BEGIN
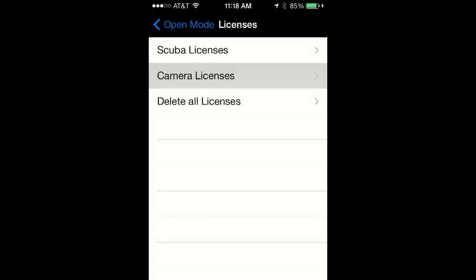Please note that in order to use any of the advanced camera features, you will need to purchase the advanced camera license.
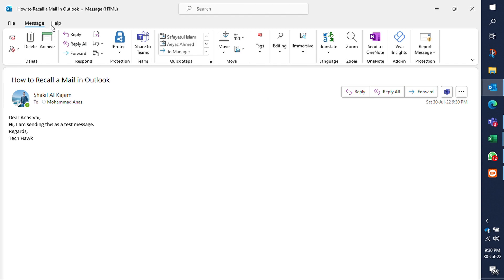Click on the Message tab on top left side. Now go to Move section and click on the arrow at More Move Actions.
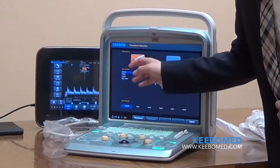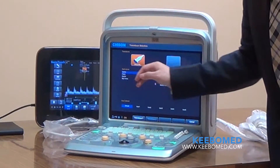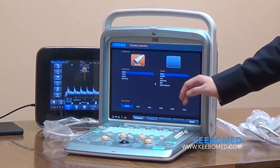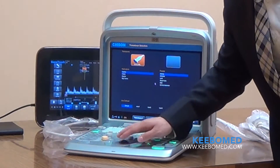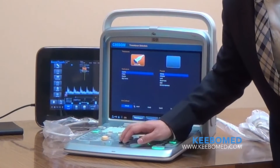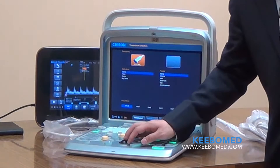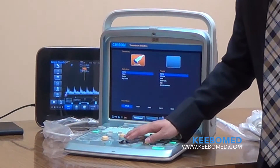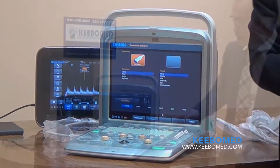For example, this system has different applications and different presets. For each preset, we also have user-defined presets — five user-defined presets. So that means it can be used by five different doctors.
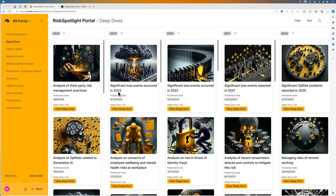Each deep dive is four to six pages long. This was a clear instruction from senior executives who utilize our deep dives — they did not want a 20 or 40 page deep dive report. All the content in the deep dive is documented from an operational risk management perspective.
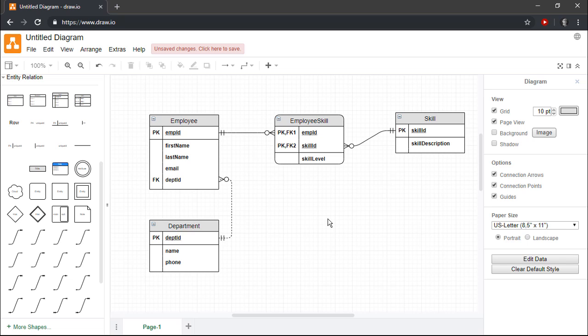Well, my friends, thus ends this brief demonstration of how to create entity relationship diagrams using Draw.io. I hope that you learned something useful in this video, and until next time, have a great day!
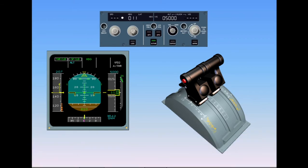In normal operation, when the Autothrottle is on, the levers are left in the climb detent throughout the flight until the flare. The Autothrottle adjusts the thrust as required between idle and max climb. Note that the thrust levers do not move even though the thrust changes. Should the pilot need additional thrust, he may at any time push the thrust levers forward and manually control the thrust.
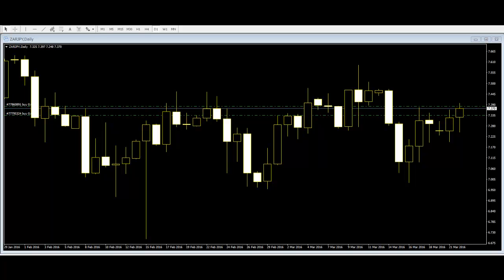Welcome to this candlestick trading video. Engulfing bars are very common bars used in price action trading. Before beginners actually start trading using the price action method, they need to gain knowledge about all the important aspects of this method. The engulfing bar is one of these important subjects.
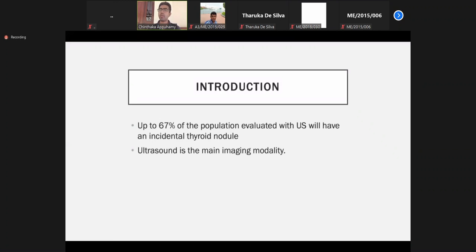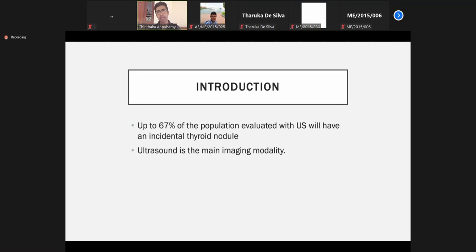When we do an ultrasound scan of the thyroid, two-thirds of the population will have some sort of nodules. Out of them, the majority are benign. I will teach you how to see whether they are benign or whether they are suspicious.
END
- EXERCISE DETAILS -
Copy nothing but the lines above from the one with "Each deep dive" to the one with "Well, my friends, thus", inclusive, word for word. Leave every picture out.

- RESULT OF THIS EXERCISE -
Each deep dive is four to six pages long. This was a clear instruction from senior executives who utilize our deep dives — they did not want a 20 or 40 page deep dive report. All the content in the deep dive is documented from an operational risk management perspective.
Well, my friends, thus ends this brief demonstration of how to create entity relationship diagrams using Draw.io. I hope that you learned something useful in this video, and until next time, have a great day!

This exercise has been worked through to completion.